RECORD EXCERPTS:
§
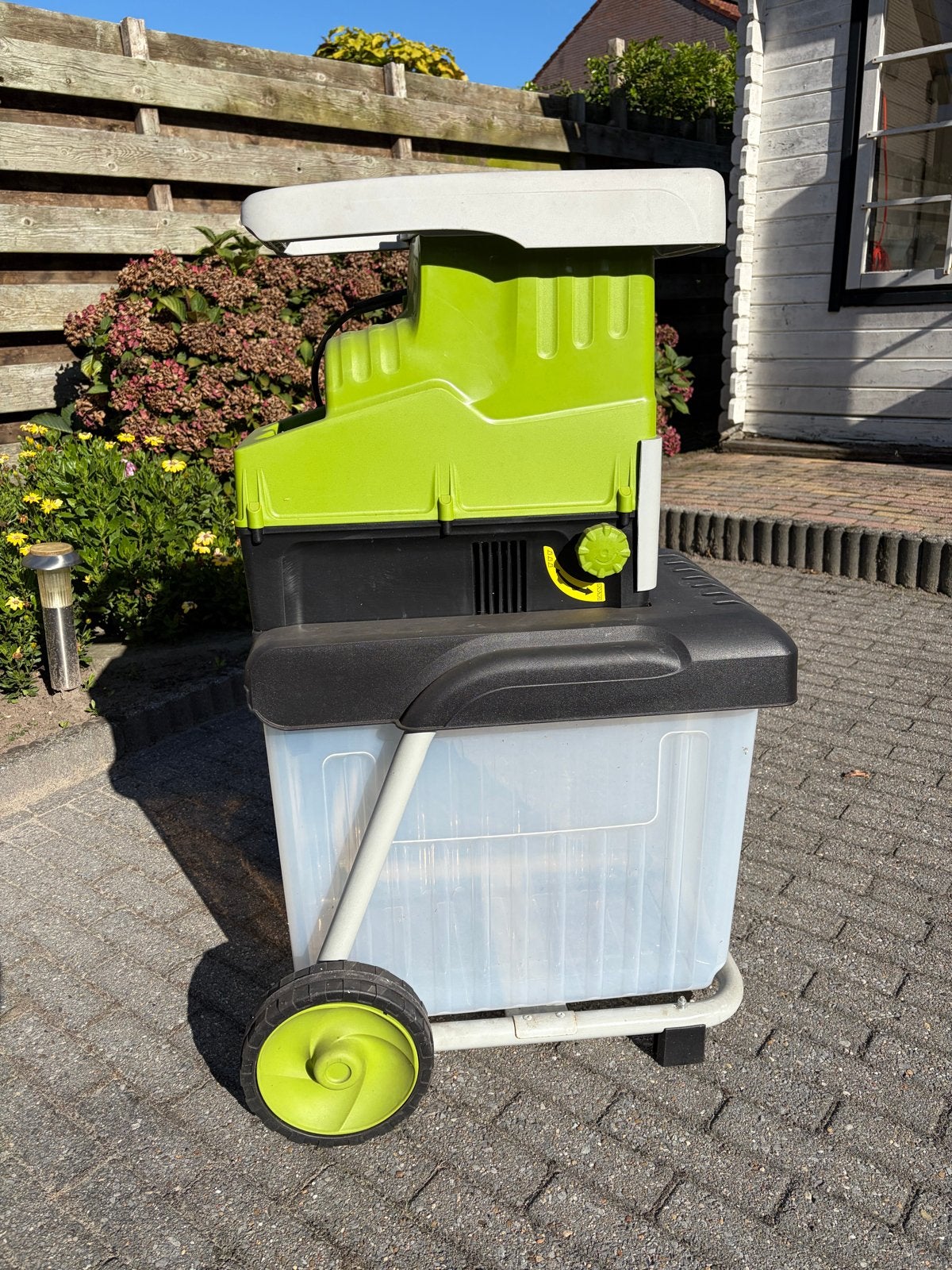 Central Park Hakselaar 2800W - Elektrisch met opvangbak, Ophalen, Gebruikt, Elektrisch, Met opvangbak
§
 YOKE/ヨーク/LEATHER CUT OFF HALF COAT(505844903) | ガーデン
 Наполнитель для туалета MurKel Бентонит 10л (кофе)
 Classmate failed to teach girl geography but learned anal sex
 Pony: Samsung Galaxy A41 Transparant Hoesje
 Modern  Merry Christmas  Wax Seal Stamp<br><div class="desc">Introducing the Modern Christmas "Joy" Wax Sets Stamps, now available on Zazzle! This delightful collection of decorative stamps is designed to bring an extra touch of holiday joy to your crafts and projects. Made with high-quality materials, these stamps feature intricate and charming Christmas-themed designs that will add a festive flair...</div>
§
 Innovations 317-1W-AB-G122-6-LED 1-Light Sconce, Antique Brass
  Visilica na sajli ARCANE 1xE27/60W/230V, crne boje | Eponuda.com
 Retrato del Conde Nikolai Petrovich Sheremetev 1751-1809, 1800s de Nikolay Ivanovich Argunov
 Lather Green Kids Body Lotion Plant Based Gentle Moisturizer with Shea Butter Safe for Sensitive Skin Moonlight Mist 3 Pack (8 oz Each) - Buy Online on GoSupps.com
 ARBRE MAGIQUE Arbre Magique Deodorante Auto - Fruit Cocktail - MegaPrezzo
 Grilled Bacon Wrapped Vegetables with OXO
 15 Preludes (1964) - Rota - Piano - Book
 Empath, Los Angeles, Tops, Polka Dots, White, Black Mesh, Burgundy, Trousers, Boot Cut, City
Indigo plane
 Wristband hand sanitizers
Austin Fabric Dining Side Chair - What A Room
§
DESCRIPTION OF THE TASK: Beginning with the line above that contains "Lather Green Kids", copy each line exactly up to and including the line that contains "Austin Fabric Dining Side Chair - What A Room", and go no further.

SOLVED PROBLEM:
 Lather Green Kids Body Lotion Plant Based Gentle Moisturizer with Shea Butter Safe for Sensitive Skin Moonlight Mist 3 Pack (8 oz Each) - Buy Online on GoSupps.com
 ARBRE MAGIQUE Arbre Magique Deodorante Auto - Fruit Cocktail - MegaPrezzo
 Grilled Bacon Wrapped Vegetables with OXO
 15 Preludes (1964) - Rota - Piano - Book
 Empath, Los Angeles, Tops, Polka Dots, White, Black Mesh, Burgundy, Trousers, Boot Cut, City
Indigo plane
 Wristband hand sanitizers
Austin Fabric Dining Side Chair - What A Room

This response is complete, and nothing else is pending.